During Jefferson’s years in Paris he first resided with the American painter John Trumbull, but eventually moved to the Hotel de Langeac, located on the Champs-Elysees at the corner of Rue de Berry. Unfortunately the building was torn down in 1840. A wonderful article from American Heritage magazine provides a great look at Jefferson in Paris. The image seen to the left looks down the Champs-Elysees through the Grille de Chaillot. Jefferson’s Paris home is seen on the left near corner. It is said he began remodeling the property as soon as he moved in. Langeac taught him a number of architectural lessons, which he would incorporate into Monticello, among them the use of skylights to adequately illuminate interior windowless rooms and the realization that the skylights could be made weather tight.

Poplar Forest (below) became the site where the Jefferson family went after the British invaded Monticello in 1781. The property had come Jefferson’s way following the death of his father-in-law, James Wayles. At the time there wasn’t much there but fields and an overseer’s house. When attempting to compute the national debt the then President Jefferson was caught up in a rainstorm while visiting Poplar Forest. The president had to take refuge in the cramped overseer’s home, and realized the advantages of having a quiet place even though he was elbow-to-elbow with the overseer’s wife, children, and pets.

By 1801 Thomas Jefferson was very public person. He was known very well and people clamored for his attention. It isn’t surprising that Jefferson would have looked for a quiet place to simply be the private Jefferson. Construction began at the Poplar Forest retreat in 1806.
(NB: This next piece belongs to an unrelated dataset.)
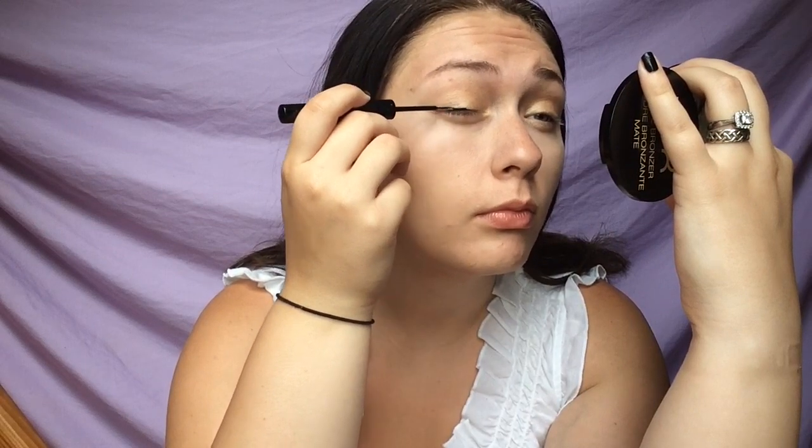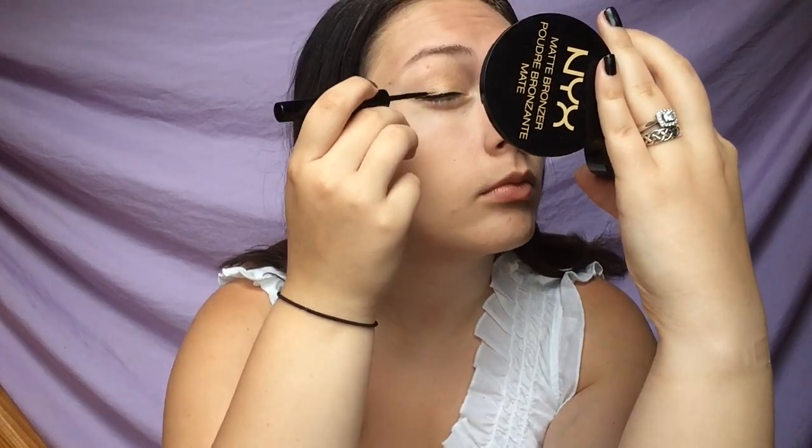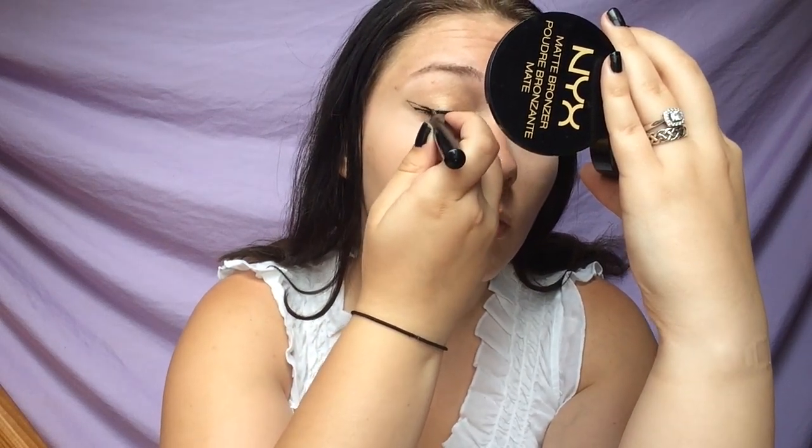For the eyeliner I'm using a liquid eyeliner — the NYX one I've been loving lately. I'm just doing a winged liner so that the eyes stay really open and dramatic. It's also a classic wing to go with a classic movie — more of a cult classic, I would say. I'm creating a pretty long wing and filling it in. Then I'm putting on some volumizing mascara to make my lashes look really long, because the false lashes I'm putting on are quite full and dramatic.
The website for Poplar Forest quotes historian David McCullough:

“More and more it is becoming clear how very important Poplar Forest is to our enlarged understanding of Thomas Jefferson and the reach of his imagination. That Jefferson was, along with so many other things, one of the premier American architects, has been long appreciated, but the originality and ingenuity of Poplar Forest—especially now that it is being so superbly restored—raise his standing still higher. This is an American masterpiece by a great American artist who also happened to be President of the United States .”

Many of my students move and move often. By discussing Jefferson and his many different residences students can connect to an important historical figure and can compare and contrast the reasons for moving as well. The process begins to get children to focus on what different residences can provide as well as honing in on how a residence can shape a person regarding their outlook on life’s pursuits.

Research note: A few web sources indicate the Jefferson family moved to Edge Hill. While it is a farm that scholarly sources state belonged to Peter Jefferson I could find no sources that confirmed Thomas Jefferson lived there. At one point the property at Edge Hill transferred to Jefferson’s sister and her husband (a member of the Randolph family) which could add to the confusion.


The Tour Marm said...

I like to book the very first tour of Monticello for my students. The morning fog and dew bring an almost still and eerie quality to the top of the mountain and house; my students always seem to be transported to the past.

Of all the homes I visit, this is the one I photograph the most.

Poplar Forest is a gem. One might consider bringing a student group here instead of Monticello for a more intimate experience. During the first weekend of May, Thomas Jefferson is in residence there.

Both homes have educational programs for schoolgroups and adults/educators in archeology.

Another nearby home to visit is Monroe's Ashlawn, they have wonderful hands-on programs.

Jennie W said...

Just as a note, I also posted about my tours at these houses if you want more information!